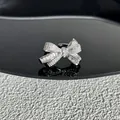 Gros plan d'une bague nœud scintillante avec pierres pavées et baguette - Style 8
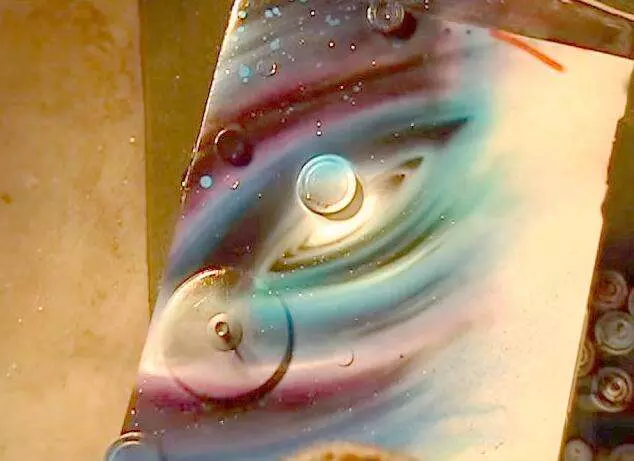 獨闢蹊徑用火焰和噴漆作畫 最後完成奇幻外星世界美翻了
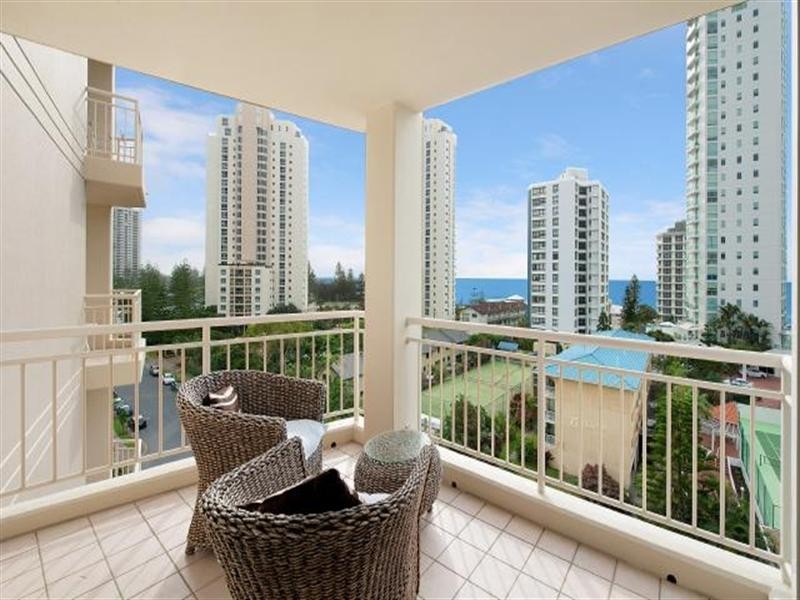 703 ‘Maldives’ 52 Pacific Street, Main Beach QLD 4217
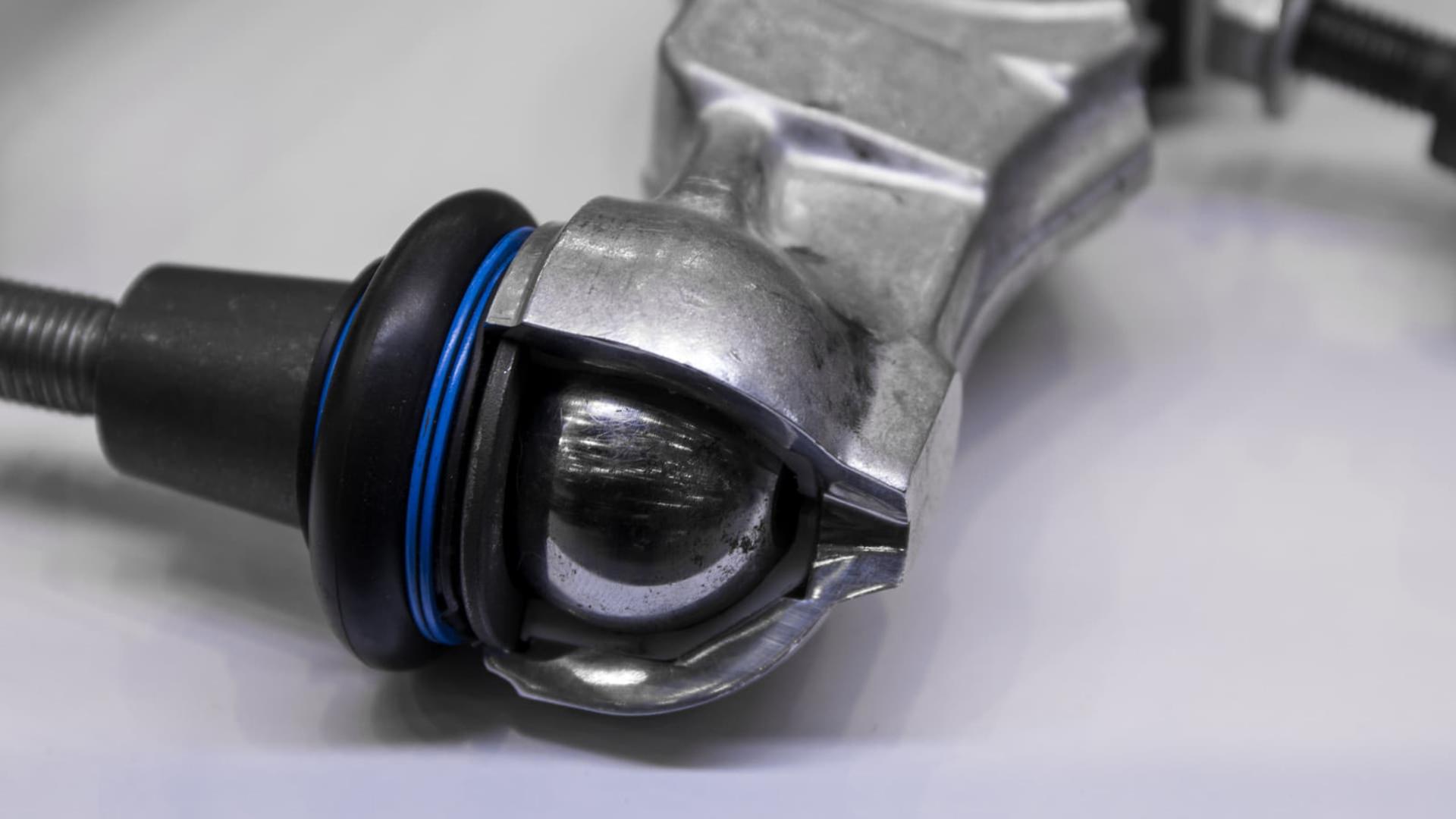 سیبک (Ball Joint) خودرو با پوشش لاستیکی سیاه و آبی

====================

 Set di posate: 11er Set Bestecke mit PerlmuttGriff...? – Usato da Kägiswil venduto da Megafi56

====================

#### About this task
Using the records above, print exactly the lines between the ones containing "703 ‘Maldives’ 52" and "سیبک (Ball Joint)", inclusive, and nothing else; no pictures.

#### Written solution
 703 ‘Maldives’ 52 Pacific Street, Main Beach QLD 4217
 سیبک (Ball Joint) خودرو با پوشش لاستیکی سیاه و آبی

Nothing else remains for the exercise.